Segment Start: The input
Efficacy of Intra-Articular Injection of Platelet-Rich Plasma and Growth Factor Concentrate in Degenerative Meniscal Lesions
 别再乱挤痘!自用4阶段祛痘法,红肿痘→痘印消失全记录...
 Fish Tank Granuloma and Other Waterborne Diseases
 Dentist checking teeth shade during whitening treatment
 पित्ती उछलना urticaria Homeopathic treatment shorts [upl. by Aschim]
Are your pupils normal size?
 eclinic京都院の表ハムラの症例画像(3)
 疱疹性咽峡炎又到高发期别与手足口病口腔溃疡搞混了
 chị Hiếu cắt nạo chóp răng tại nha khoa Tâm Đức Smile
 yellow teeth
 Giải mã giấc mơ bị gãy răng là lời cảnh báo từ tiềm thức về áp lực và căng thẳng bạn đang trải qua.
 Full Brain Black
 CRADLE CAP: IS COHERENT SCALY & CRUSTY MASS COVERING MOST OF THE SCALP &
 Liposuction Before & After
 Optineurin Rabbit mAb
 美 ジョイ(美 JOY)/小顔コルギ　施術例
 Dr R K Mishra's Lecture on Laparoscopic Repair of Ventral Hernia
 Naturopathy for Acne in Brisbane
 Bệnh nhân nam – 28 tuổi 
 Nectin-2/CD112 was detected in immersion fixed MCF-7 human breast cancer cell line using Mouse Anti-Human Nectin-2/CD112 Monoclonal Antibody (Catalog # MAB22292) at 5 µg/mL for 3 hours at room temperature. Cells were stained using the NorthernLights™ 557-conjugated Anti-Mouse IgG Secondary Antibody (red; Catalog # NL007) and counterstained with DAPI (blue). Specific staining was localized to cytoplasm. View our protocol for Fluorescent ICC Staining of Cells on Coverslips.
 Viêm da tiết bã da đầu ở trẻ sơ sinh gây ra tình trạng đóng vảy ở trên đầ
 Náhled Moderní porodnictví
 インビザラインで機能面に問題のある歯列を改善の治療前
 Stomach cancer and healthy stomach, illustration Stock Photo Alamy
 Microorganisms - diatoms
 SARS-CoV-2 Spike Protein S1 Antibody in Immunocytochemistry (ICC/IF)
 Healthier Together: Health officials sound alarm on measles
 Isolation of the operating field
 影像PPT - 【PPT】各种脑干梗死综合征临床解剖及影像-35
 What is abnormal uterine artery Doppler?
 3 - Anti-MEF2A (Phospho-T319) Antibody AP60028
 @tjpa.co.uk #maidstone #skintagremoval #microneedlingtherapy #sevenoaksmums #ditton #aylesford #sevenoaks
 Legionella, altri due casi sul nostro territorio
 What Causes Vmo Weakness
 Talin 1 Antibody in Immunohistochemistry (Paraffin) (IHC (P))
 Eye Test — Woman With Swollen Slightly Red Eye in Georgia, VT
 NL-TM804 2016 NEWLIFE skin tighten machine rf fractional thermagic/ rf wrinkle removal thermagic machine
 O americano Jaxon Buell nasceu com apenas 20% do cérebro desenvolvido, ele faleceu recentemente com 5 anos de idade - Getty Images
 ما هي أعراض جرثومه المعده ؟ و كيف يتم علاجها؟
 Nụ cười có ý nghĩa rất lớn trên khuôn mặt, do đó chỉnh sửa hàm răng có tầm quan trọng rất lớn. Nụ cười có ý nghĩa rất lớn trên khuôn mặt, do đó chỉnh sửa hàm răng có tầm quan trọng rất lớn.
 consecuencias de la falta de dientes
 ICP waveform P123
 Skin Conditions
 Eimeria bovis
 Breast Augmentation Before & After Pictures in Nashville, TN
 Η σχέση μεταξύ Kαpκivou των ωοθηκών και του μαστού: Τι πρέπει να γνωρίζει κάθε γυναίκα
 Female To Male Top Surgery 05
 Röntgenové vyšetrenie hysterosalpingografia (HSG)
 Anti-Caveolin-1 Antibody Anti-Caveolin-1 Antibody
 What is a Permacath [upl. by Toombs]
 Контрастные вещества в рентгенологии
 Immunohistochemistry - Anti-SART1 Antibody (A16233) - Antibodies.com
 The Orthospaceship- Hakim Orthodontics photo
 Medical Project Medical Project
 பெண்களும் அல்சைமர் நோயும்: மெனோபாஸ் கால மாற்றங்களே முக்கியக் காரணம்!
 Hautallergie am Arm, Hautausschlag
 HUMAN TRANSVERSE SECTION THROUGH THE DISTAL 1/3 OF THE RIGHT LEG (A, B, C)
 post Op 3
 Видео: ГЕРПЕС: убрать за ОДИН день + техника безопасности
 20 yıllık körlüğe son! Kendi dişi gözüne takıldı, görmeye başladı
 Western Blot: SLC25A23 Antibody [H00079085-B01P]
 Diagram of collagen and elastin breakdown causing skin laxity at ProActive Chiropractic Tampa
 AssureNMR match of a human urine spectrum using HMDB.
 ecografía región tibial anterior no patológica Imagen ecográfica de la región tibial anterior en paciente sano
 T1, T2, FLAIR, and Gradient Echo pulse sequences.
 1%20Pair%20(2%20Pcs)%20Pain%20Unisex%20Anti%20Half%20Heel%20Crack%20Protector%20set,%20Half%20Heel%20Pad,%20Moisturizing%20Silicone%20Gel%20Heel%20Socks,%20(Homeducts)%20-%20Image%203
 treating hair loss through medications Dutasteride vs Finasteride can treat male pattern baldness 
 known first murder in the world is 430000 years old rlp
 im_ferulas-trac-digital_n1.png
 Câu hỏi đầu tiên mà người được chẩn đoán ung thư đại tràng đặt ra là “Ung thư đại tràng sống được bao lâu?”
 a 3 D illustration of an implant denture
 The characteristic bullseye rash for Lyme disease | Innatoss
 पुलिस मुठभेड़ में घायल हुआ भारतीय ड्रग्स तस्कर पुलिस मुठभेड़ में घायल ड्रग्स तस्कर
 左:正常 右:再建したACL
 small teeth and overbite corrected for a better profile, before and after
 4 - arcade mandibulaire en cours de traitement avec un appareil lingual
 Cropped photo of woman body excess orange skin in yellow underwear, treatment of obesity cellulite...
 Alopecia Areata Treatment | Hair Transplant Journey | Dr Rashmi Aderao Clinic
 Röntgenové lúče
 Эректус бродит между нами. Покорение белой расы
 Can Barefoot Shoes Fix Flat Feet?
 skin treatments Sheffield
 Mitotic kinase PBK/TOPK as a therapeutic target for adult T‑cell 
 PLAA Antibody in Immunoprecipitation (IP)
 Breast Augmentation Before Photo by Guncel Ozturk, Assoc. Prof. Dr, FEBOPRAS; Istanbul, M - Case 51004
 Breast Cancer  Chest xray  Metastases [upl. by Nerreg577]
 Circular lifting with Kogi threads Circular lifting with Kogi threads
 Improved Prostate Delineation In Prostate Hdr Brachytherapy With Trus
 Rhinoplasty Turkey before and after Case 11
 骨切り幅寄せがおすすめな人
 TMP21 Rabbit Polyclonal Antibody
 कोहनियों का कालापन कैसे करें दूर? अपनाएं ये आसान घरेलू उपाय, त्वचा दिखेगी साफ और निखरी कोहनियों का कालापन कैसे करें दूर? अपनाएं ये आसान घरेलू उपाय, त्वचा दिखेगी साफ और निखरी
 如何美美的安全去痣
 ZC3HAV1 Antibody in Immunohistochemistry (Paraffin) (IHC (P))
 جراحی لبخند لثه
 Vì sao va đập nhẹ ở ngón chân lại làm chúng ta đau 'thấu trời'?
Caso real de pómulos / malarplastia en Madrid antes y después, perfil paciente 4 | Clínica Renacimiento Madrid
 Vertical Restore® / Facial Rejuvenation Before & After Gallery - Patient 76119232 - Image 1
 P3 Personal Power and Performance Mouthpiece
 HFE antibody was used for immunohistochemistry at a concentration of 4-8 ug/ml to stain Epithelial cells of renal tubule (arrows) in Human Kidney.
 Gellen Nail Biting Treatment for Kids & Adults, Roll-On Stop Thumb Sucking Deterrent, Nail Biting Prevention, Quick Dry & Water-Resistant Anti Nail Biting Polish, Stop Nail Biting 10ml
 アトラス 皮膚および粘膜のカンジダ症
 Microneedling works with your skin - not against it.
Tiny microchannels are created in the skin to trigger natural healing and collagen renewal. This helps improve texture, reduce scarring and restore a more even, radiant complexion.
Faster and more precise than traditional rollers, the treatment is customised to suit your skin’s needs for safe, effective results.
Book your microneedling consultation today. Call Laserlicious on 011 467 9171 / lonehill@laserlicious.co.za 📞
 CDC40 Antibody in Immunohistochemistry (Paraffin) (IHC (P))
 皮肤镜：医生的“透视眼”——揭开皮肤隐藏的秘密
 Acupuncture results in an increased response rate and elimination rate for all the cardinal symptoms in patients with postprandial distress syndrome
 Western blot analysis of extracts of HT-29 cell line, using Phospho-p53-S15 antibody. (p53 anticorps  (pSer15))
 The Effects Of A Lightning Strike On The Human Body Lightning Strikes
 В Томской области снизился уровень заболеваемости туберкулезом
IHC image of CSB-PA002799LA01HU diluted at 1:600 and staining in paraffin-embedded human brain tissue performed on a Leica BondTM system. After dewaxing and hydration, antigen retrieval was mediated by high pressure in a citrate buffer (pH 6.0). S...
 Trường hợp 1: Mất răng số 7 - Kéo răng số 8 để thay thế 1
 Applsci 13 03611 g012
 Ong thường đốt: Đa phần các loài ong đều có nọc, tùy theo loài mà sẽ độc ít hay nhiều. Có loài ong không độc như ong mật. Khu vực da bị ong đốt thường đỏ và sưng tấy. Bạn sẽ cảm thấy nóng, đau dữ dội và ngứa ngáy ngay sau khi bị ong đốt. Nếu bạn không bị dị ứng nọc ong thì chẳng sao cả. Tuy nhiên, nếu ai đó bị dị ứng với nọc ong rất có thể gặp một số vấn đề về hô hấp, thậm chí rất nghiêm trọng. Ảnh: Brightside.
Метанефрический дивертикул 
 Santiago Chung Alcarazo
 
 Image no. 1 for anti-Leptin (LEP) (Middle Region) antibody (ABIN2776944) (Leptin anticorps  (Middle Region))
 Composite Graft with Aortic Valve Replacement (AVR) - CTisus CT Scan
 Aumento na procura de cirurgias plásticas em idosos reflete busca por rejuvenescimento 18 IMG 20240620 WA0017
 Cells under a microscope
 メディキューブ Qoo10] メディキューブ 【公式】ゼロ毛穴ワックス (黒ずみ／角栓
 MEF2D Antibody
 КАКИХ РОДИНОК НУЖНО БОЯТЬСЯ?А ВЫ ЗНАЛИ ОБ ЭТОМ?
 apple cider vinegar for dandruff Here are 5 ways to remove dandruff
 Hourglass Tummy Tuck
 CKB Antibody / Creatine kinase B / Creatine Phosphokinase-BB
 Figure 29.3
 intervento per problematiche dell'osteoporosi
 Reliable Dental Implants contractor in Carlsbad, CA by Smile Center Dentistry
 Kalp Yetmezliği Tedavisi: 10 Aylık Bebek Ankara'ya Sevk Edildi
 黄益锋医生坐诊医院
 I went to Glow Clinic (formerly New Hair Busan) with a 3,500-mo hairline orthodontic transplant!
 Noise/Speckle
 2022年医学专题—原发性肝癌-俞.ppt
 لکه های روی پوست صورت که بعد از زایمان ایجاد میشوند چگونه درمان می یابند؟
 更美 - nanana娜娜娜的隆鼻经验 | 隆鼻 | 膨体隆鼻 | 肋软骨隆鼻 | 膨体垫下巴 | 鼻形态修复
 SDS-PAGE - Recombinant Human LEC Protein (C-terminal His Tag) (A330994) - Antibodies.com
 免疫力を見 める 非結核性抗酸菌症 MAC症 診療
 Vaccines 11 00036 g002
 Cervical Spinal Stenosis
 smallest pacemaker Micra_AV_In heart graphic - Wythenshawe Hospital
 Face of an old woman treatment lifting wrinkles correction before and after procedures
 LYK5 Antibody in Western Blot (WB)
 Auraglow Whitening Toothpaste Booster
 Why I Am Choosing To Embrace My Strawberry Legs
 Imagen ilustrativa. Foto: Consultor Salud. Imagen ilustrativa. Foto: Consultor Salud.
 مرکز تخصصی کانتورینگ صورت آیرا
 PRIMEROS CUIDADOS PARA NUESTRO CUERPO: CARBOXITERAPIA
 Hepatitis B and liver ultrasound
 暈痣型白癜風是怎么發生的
Segment End: The input
Task objective → Find and count the lines of the data that include the string "Röntgenové", and report that figure by itself.

Exercise result → 2